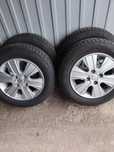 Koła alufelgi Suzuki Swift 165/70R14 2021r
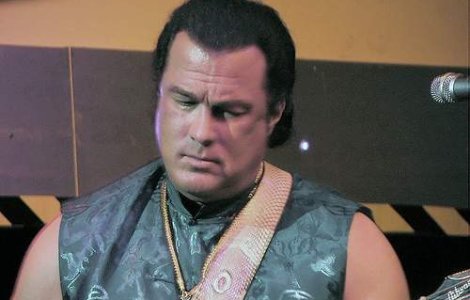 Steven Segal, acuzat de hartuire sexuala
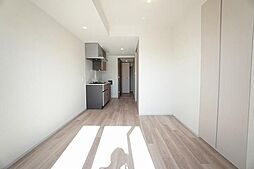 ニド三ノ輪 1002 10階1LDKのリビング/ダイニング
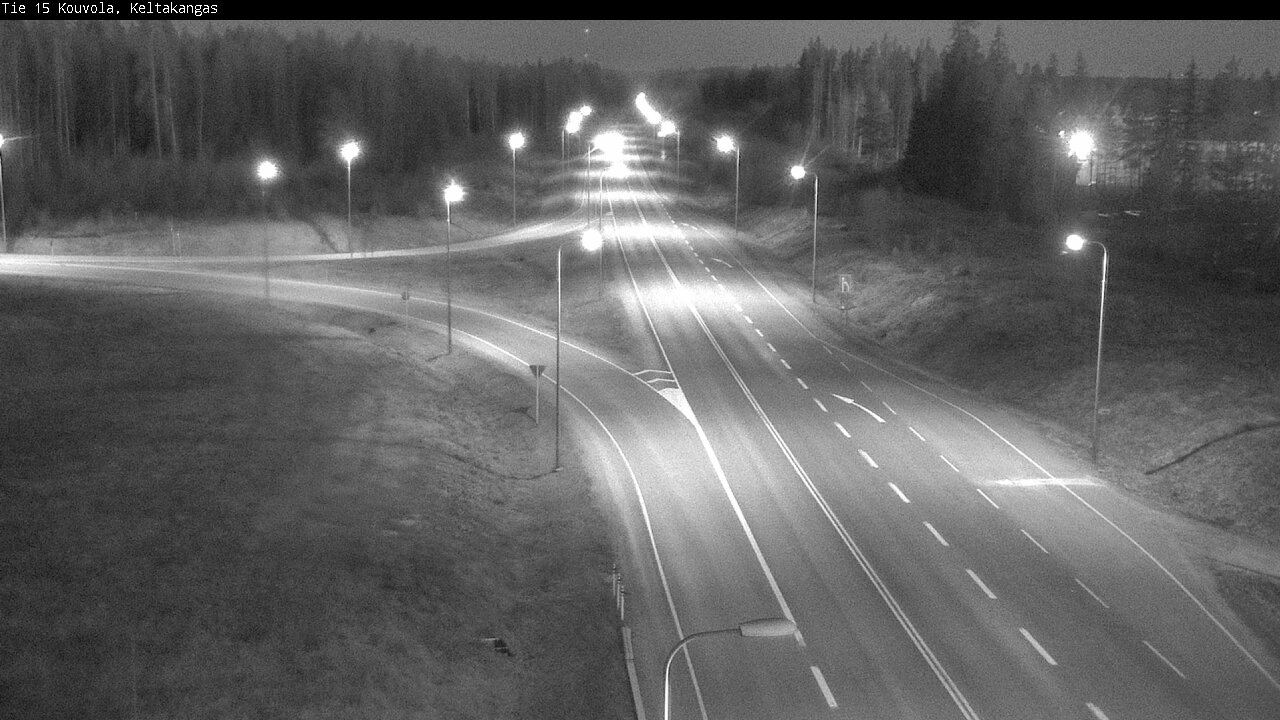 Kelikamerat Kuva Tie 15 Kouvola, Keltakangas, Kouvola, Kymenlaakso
------------
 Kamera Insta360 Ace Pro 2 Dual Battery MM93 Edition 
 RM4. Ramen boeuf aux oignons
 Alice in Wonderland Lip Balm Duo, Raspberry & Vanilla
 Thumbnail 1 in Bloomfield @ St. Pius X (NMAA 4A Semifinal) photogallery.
------------
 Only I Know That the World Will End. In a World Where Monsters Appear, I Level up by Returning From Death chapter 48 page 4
------------
Write out exactly the lines above from the line with "Kamera Insta360 Ace" through the line with "Thumbnail 1 in", both of them included, and leave out all other lines.

 Kamera Insta360 Ace Pro 2 Dual Battery MM93 Edition 
 RM4. Ramen boeuf aux oignons
 Alice in Wonderland Lip Balm Duo, Raspberry & Vanilla
 Thumbnail 1 in Bloomfield @ St. Pius X (NMAA 4A Semifinal) photogallery.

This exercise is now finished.